Comparatively few people in England at that time had actual, independent rights, particularly of possession. People who had lived on the land for centuries were tenants, not owners. With progress in manufacture, particularly in textiles, came the Enclosure movement, that is, the enclosing of land which previously had been available to everyone. Landowners threw out their tenants and enclosed their land for raising sheep, because wool was a profitable commodity. Agriculture consequently declined and tenants moved to cities to work in new factories and mills.
The shift in employment opportunities—or lack thereof—through increasing mechanization resulted in riots such as The Peterloo Massacre. Percy Bysshe Shelley (1792-1822) responded with poems like "England in 1819" that supported the working class. While working men suffered, women also faced restrictions, as they had almost no legal rights and few, if any, educational opportunities.

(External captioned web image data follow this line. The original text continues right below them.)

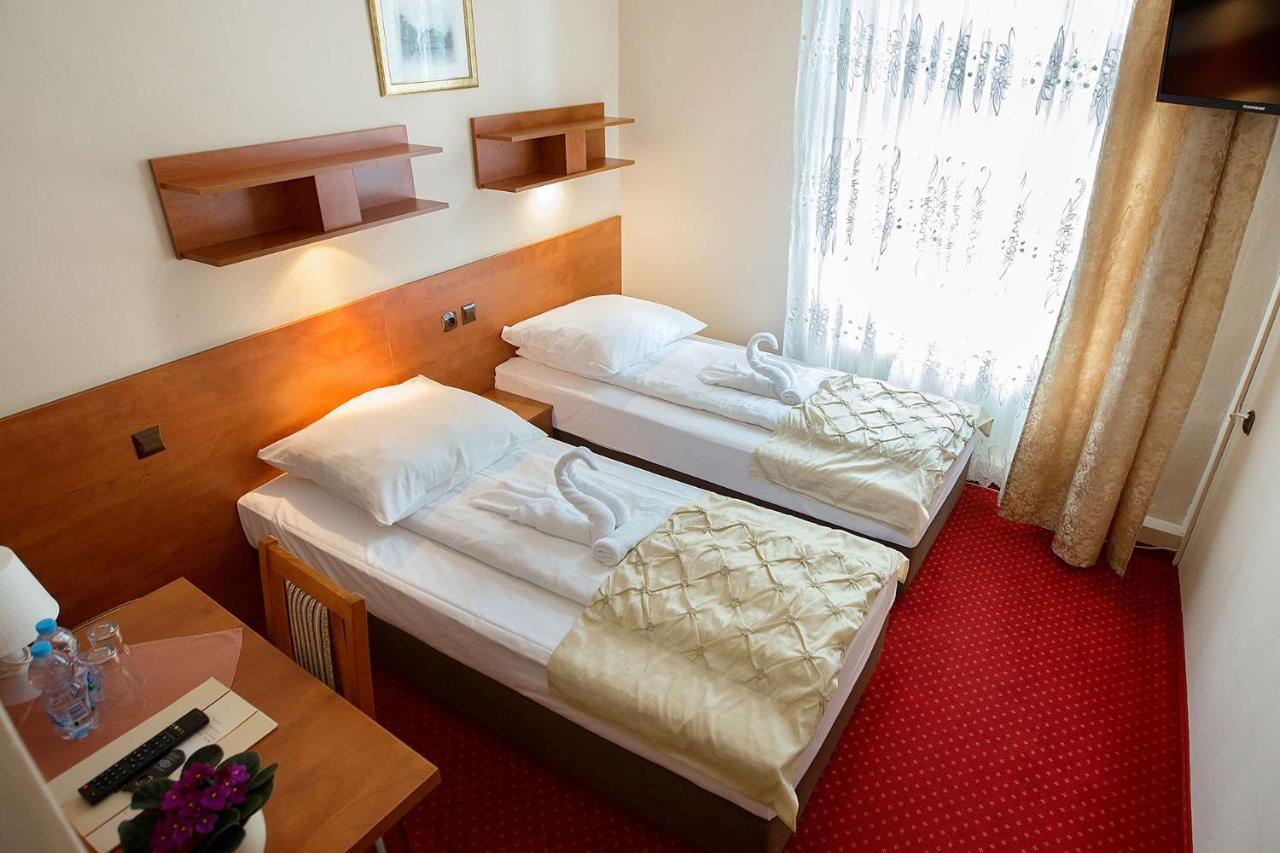 Hotel Zamek Chalupki Luaran gambar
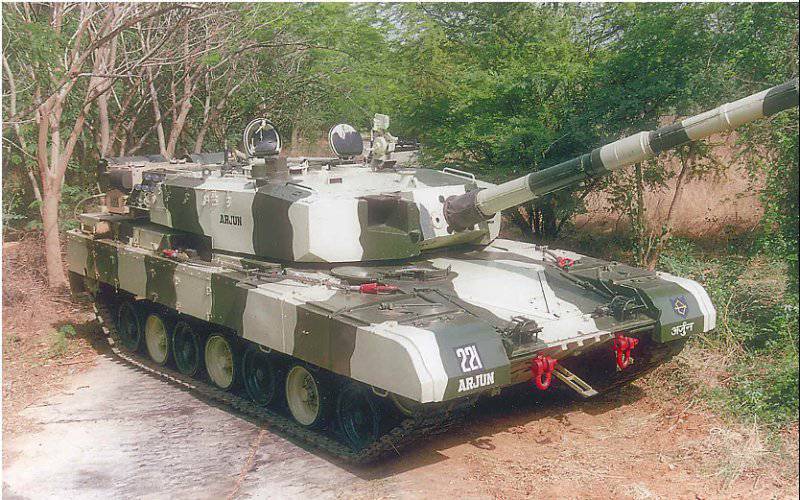 주요 전투 탱크 (8의 일부) - Arjun, 인도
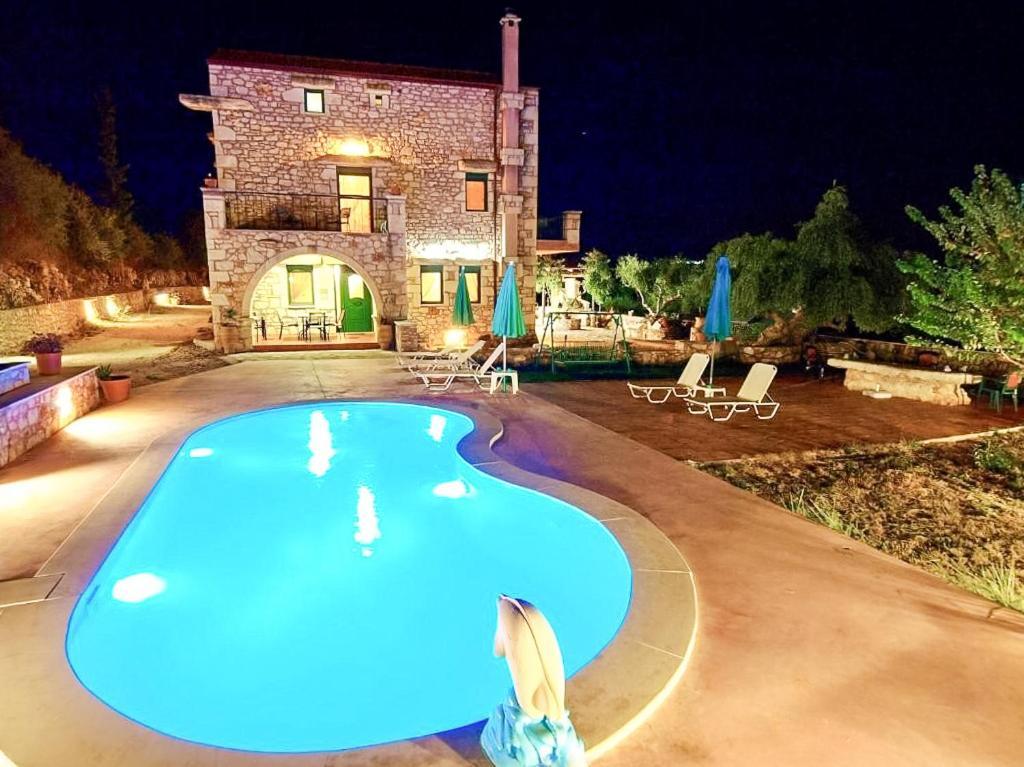 Chania's Diamond - Aqua Bliss With Private Pools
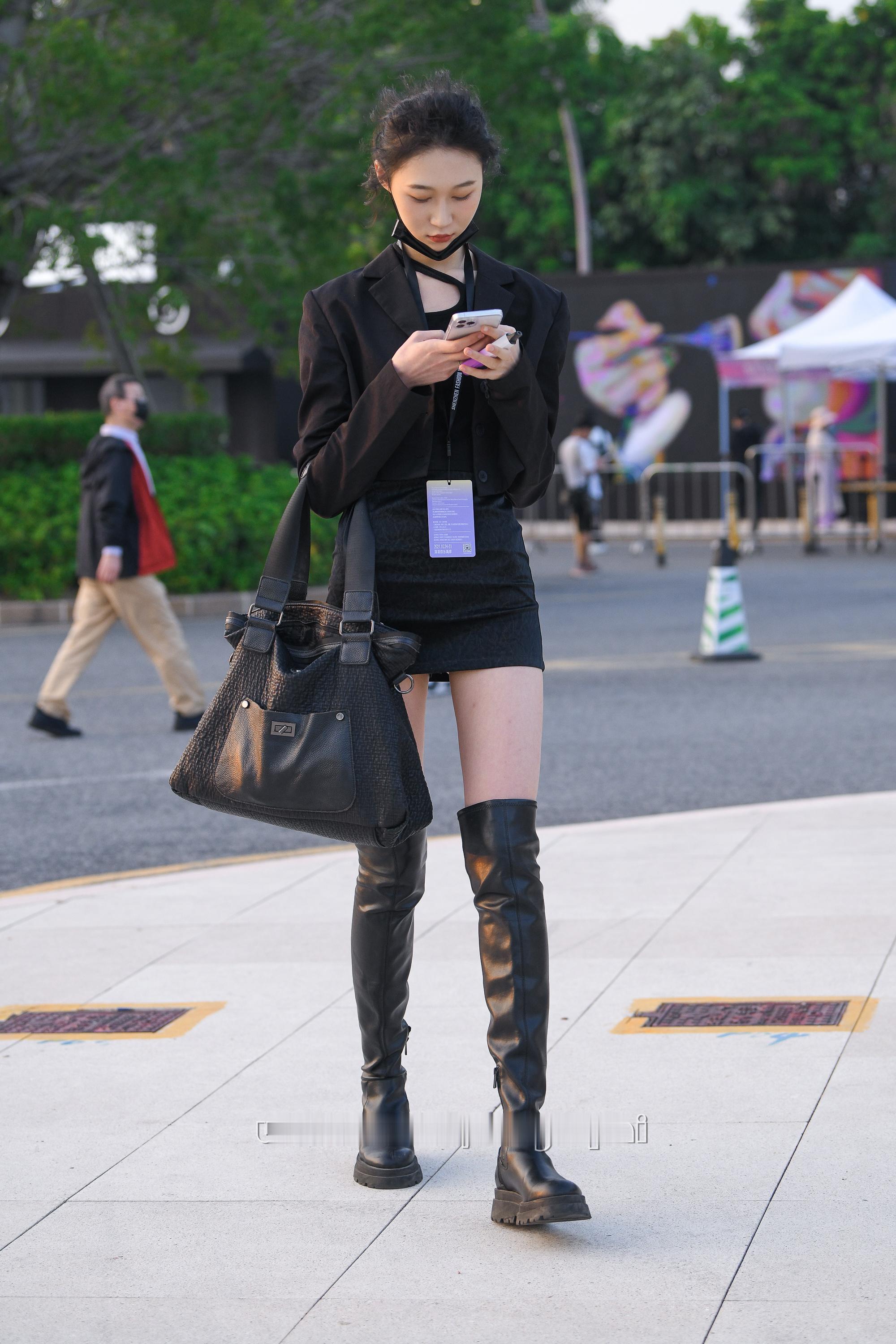 长靴短裙高挑靓丽~~ 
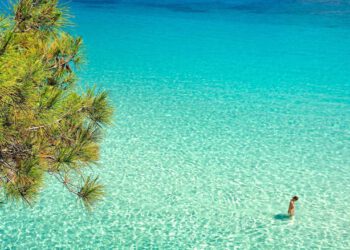 Πάτμος και Χαλκιδική στις 10 «μυστικές» παραλίες της Ευρώπης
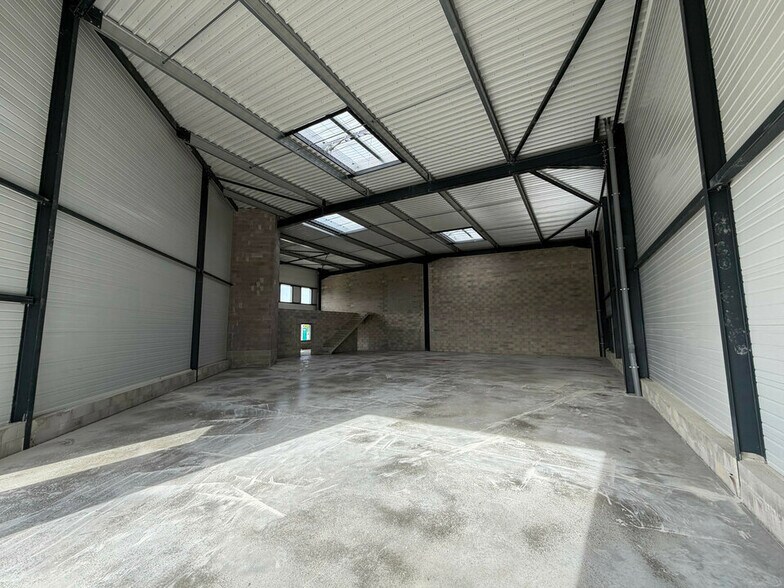 Flex in Bétheny for lease - Interior Photo - Image 3 of 10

The French Revolution evoked the American Revolution and England's Glorious Revolution during which Charles I was beheaded. The French Revolution smashed institutions, destroyed the monarchy and aristocracy, and built a new (though not permanent) order. An ideal of the French Revolution was to let the individual freely develop, so it opposed the institutions that checked individual rights.
Nations such as Austria and Prussia allied against the revolution and were defeated by the Revolutionary Army that spread over Italy and Germany. Under the impact of war, counter-revolutions sprung up, and the Committee of Public Safety (1793) was formed. Through its Reign of Terror (1793-94), the Committee suppressed revolt and counter-revolution. 20,000 heads were struck off by the guillotine. The bicameral legislative government, called the Directory (1795), came into power but fell to a coup d'etat (1799) run by its own general, Napoleon Bonaparte (1769-1821).
The early Romantic writers at first greatly sympathized with the French Revolution. They were convinced that a revolution for moral change would occur in England. It seemed to them that the new millennium had arrived. William Blake saw it as the creation of a new world and himself as its prophet. Coleridge and Wordsworth responded with peons of joy, declaring, "bliss was it in that dawn to be alive" (Wordsworth The Prelude). Both went to France and even fell in love with French women. They returned chastened by the Reign of Terror. Edmund Burke's Reflections on the French Revolution condemned the Revolution as an attempt to methodize anarchy. Reaction in England soon set in. English freedom became increasingly restricted through such acts as the Proclamation Against Seditious Writing. Parliament suspended habeus corpus, making possible imprisonment without trial, and passed the Treasonable and Seditious Practices Act (1795). Reaction against reform was stiffened by the ensuing Napoleonic Wars.